Changing rules around the tax treatment of benefits, and a failure to implement effective policies, processes and systems, are the most common causes of errors on employers’ end-of-year benefits tax returns.
These could result in penalties for organisations.
Richard Webb, tax director at Grant Thornton, said employers must be aware of these issues in order to file accurate tax returns for employee expenses and benefits.
“A case in point in recent years would be the treatment of the value of a bike potentially transferred to the employee at the end of the hire period where it was provided under a bikes-for-work tax scheme,” he said. “Many employers did not consider any benefit issues or believed there were understandings with HM Revenue and Customs (HMRC) about a nominal value.
“HMRC has, in recent years, set out its position clearly but there are still a multiplicity of arrangements offered by the scheme suppliers to deal with the tax position.”
To help employers reduce the likelihood of making errors on forms, HMRC has updated its expenses and benefits from employment toolkit to help employers. The toolkit includes information on dispensations and pay-as-you-earn (PAYE) agreements, areas of risk within expenses and benefits, and a checklist on reviewing benefits and expenses.
However, using HMRC’s checklist will not help if an organisation does not have effective policies, processes and systems in place, said Web.
“It’s all very well having a toolkit checklist advising employers to tick off that a variety of benefits have been identified and reported, but for larger employers without good policies and systems, compliance with reporting obligations will be difficult and uncertain,” he said.

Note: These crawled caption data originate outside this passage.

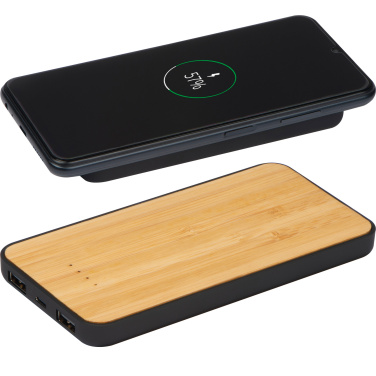 Logo trade promotional item photo of: Wireless charger and powerbank 8000 mAh MILAN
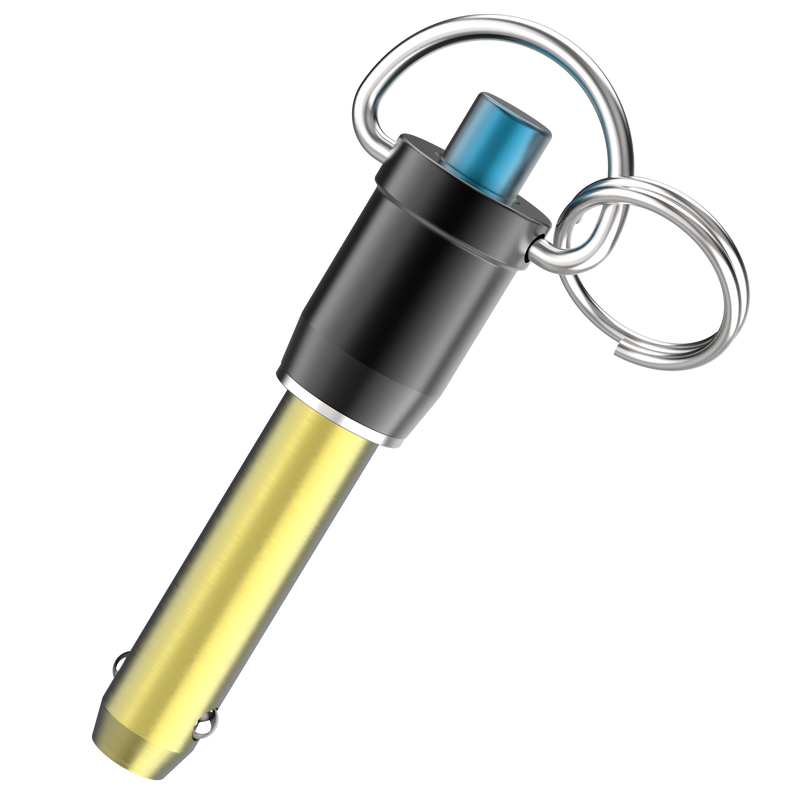 Ring Handle Ball Lock Pin - Steel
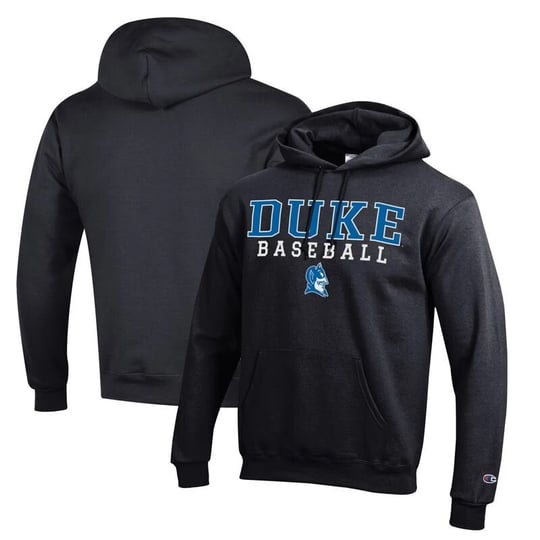 mens-champion-black-duke-blue-devils-stacked-logo-baseball-pullover-hoodie-size-large-1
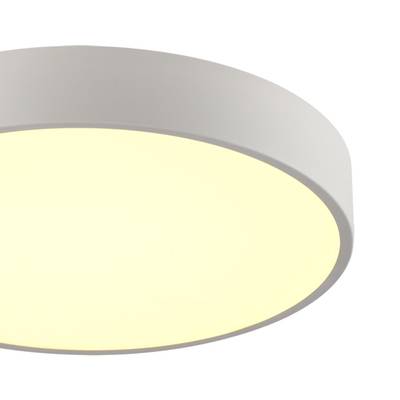 7755/36L MITRA LED SN Светильник металл/акрил/белый LED 30Вт+6Вт(подсветка) 3000K D400 IP20 QUASAR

“We are seeing more challenge again from HMRC around company car fuel benefits. The company policy may not provide for non-business related fuel costs but is the recording and monitoring of fuel use and mileage records adequate to be sure no benefit in practice has arisen?
“Employers will use this toolkit most effectively in conjunction with regular reviews of policies, testing of processes and training of relevant staff to keep up to date with changes in tax rules.”